A clean, readable, from-scratch PyTorch implementation of Mamba-3 — a selective state space model that addresses the three core limitations of Mamba-2. No Triton/CUDA kernels or TileLang optimizations; designed for understanding the algorithm.
Paper: Mamba-3: Improved Sequence Modeling using State Space Principles
Authors: Aakash Lahoti, Kevin Y. Li, Berlin Chen, Caitlin Wang, Aviv Bick, J. Zico Kolter, Tri Dao, Albert Gu
Mamba-3 introduces three improvements over Mamba-2:
Mamba-2 used Zero-Order Hold (exponential-Euler), a first-order approximation that loses accuracy at large step sizes. Mamba-3 adopts the trapezoidal rule: it averages the B*x contribution at time t-1 and time t before applying the state decay.

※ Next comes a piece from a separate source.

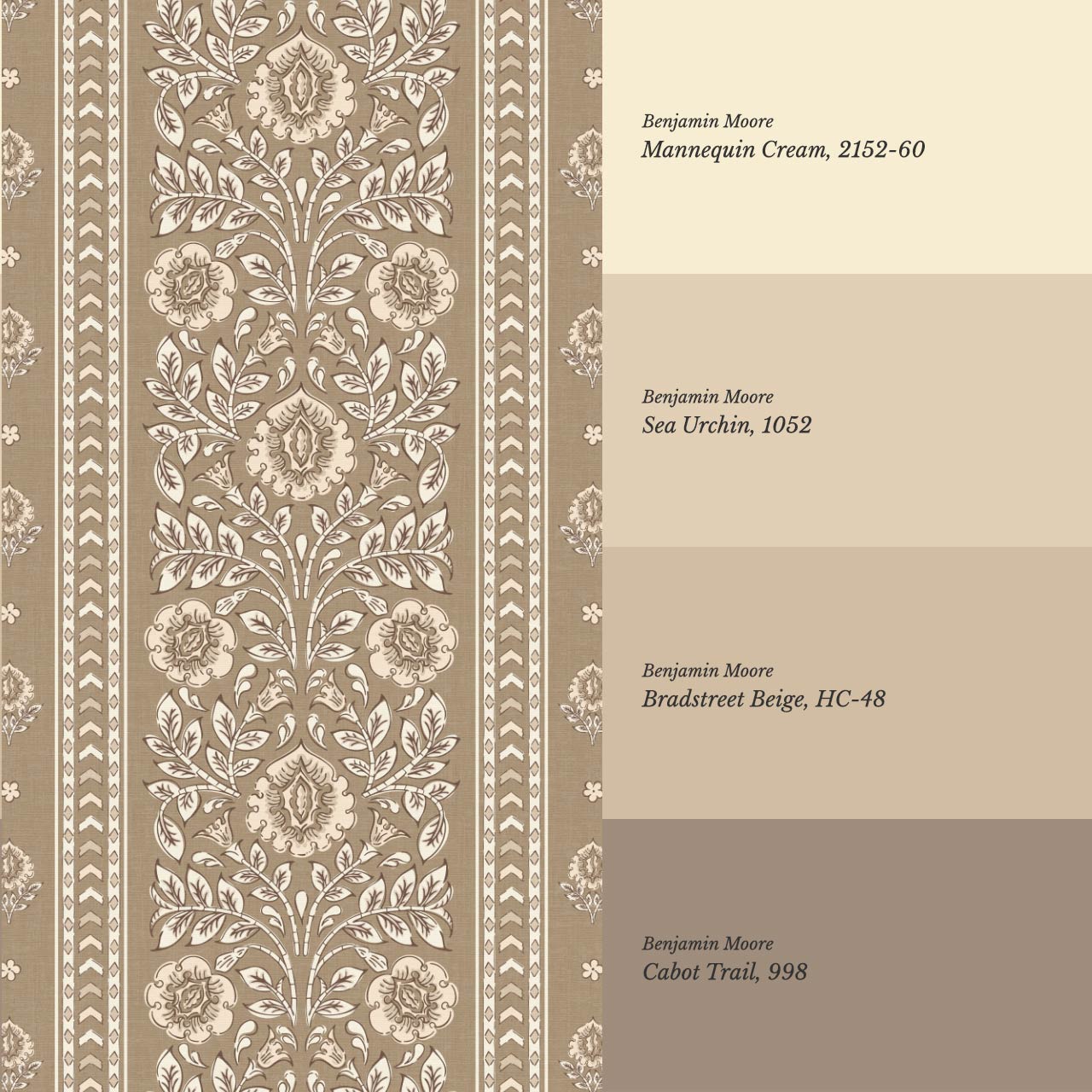 Aprajita Vertical Bloom Beige Wallpaper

h_t = exp(A·dt_t) · h_{t-1} + dt_t · trap_t · (B_t·x_t + B_{t-1}·x_{t-1}) / 2
trap_t is a learned sigmoid gate that continuously blends between pure Euler (trap=0) and full trapezoidal averaging (trap=1).
Real-valued SSM hidden states cannot easily represent oscillatory or rotational patterns. Mamba-3 applies Rotary Position Embeddings (RoPE) to the B and C (key/query) projections, giving the state an effective complex-valued structure.
A small "angle" projection is learned per head and accumulated over time scaled by dt, then used to rotate B and C before each SSM update. This lets the model track phase-dependent and positional dependencies without an explicit complex number type.
Mamba-2 is SISO: one input vector drives one output via one SSM state (outer-product update of shape P×D). During autoregressive decoding the GPU is memory-bandwidth bound, so this is inefficient.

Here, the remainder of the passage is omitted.